Monday, November 29, 2010
Every morning I awake with a fresh spirit of hope. Being alone out here is an emotional roller coaster ride. As things begin to slowly ramp up, one moment I’m bored; the next I’m inspired; and then concerned. Round and round it goes etc.. etc… I feel like one of those refrigerator magnets that display’s various moods, just pick the appropriate emotion for the moment. So it shouldn’t come as a surprise that I’ve also begun talking to myself as a form of entertainment. It’s not a schizophrenic thing, it’s more rhetorical like; “does this guy know he’s got way too much hair growing out of his ears…. he probably knows, but he just doesn’t care.” Actually, I see this activity as a mental exercise; more as an observation of my current environment, rather than being judgmental. Mostly, I do it for my own entertainment, just to crack myself up. Not a whole lot to do out here in Quartzsite, Arizona. Perhaps that is why I find myself taking on the role of observer and social analyst. I’ve begun to open myself up to this world, this “life on the fringe of society”, I have become a sponge, soaking up all that it is has to teach me.

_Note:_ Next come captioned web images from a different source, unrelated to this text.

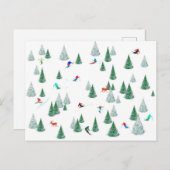 スキーヤーズダウンヒルスキーイラストレーションスキーパーティー シーズンポストカード (正面/裏面)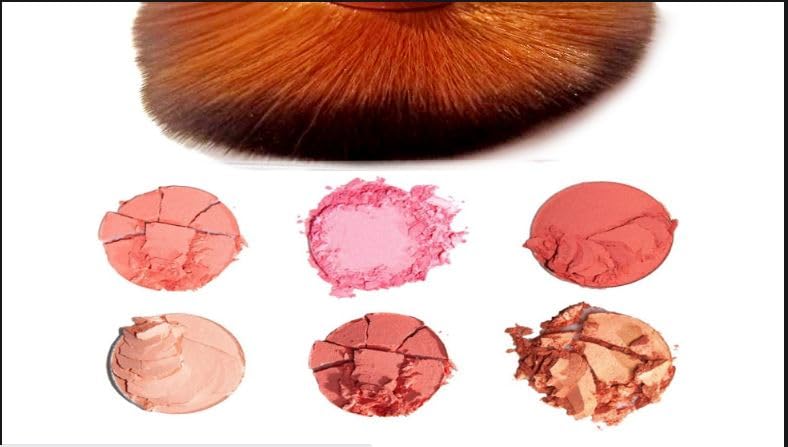 Image of Retractable Pro Beauty Kabuki Makeup Brush - Cosmetic Face Powder Foundation Blush, Slim Portable for Liquid Makeup (Rose Red)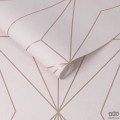Pudrowy róż tapeta z geometrycznym linearnym złotym akcentem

Thursday, November 11, 2010
It has been said that most people perceive themselves with higher regard than what others may perceive them. Meaning, I may think my IQ is higher than what an IQ test may actually reveal, or I may believe that my hair line is not reseeding when, let's face it... it most certainly is. Well, I am here to confess today that I am, in fact, a bigger idiot than I ever realized. I’ve come to the realization that I have been arrogant, an over confident,obnoxious fool.
After losing everything that I worked so very hard for, I have been forced to take a long, hard look at myself, and folks I must say, the picture isn’t pretty.